El arte de la entrevista tiene cultores excelsos. Ahí están, para demostrarlo, todas esas conversaciones con escritores, publicadas por el Paris Review, o, más cercanas en el mapa, la estupenda entrevistadora uruguaya, ya fallecida, María Esther Gilio, y la argentina María Moreno. Hacer y escribir buenas entrevistas es difícil. Porque no se trata solo de saber preguntar y, tampoco, de hacer una simple transcripción de la charla. Eso no sería una entrevista, sino, casi, el equivalente a una declaración judicial.
La periodista norteamericana Larissa MacFarquhar escribió, en un texto que luego tradujo y publicó la revista colombiana El Malpensante, que en una entrevista la cita con el entrevistado "se siente extraña y en ocasiones escalofriante (...), les estás haciendo el tipo de preguntas que solo es socialmente aceptable preguntar en una cita amorosa o en una entrevista. En un sentido, les estás pidiendo que evalúen su vida. Les estás preguntando qué horrendos errores han cometido, de qué se arrepienten, cómo se sienten sobre sus familias, cuáles son sus creencias, cómo eran cuando jóvenes y en qué ha cambiado desde entonces. ¿Sienten que han abandonado a su yo más joven? Les estás pidiendo que se examinen a sí mismos de una manera en que la gente no acostumbra cuando está acompañada. Todo esto desemboca en una interacción muy intensa (...). Y, de igual forma que en una cita amorosa, la conversación no es precisamente normal. No quieres que piensen que se trata de una conversación regular, amistosa, porque no lo es. Yo quiero que mantengan presente que no soy su amiga. Me pueden agradar, pero no soy su amiga. En ese momento soy una periodista (...). Así es que una entrevista no es una conversación normal".

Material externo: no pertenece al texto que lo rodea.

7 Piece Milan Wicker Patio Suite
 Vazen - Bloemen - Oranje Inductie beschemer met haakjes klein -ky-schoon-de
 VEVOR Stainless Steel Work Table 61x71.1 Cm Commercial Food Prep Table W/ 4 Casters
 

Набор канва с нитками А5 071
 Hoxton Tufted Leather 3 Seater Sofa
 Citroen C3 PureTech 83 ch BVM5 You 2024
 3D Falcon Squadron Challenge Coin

Pensaba en esas cosas -en el arte de la entrevista, en el terso borde de tensión y entrega sobre el que se camina mientras se conversa con un entrevistado- a raíz de que, últimamente, muchos colegas prefieren que las entrevistas se realicen por mail. No cara a cara, y ni siquiera por teléfono o a través de Skype: por mail. Envían las preguntas, el entrevistado responde, y ellos publican lo que el entrevistado escribió.
Todos hemos enviado preguntas por mail a algunos de nuestros entrevistados. El correo electrónico puede ser una herramienta útil en algunos casos -cuando la distancia geográfica o la falta de tiempo lo imponen; cuando los entrevistados son muchos y opinan sobre un mismo tema para una nota que los reúne a todos-, pero no creo que sea saludable transformarlo en el vehículo más habitual para entrevistar a una persona. Debería ser la excepción, y no la regla. Porque si se le pide al entrevistado que escriba las respuestas, y se publica el resultado sin ningún tipo de elaboración, el autor del artículo termina por ser no el periodista, sino el entrevistado que, a cambio de la desventaja de tener que trabajar gratis, obtiene, como beneficio, la enorme ventaja del control absoluto acerca de lo que dice. En una entrevista por mail no hay repreguntas, no hay confrontaciones, no hay discusión: hay solo lo que el entrevistado quiere decir.
En el prólogo a su libro Vidas de vivos, María Moreno dice que "la mejor entrevista es aquella donde el entrevistado dice algo que no sabía que sabía y es el primero en sorprenderse. El segundo sería el entrevistador. Porque la mejor pregunta es la que no se sabe de dónde nos llega y, recién por lo que provoca, descubrimos que era la pregunta adecuada hecha en el momento adecuado". En una entrevista por mail, esa posibilidad -que el entrevistado diga algo que no sabía que sabía- se minimiza casi hasta desaparecer.
En los tiempos que corren se elaboran muchas teorías acerca de la crisis del periodismo. Se mencionan, como posibles responsables, la rapidez desmedida, la irrupción demagógica de eso que se llama periodismo ciudadano, el desconcierto en torno a lo digital, etcétera. Yo me atrevo a pensar que convendría, también, que los periodistas nos preguntáramos si parte de esa crisis no tendrá que ver, por ejemplo, con cosas como esta: con que muchos de nosotros, parece, hemos terminado por suponer que no hace falta salir al mundo a ver qué pasa, y que ya ni siquiera creemos que sea necesario levantar un teléfono y escuchar, al otro lado, una voz humana que duda, titubea, se incomoda, se emociona, se acongoja, se enfurece o miente.
¿Para qué era que queríamos ser periodistas? ¿Para enviar formularios con una nota al pie que diga: "Por favor, llene por la línea de puntos con lo que corresponda"? Yo, al menos, no.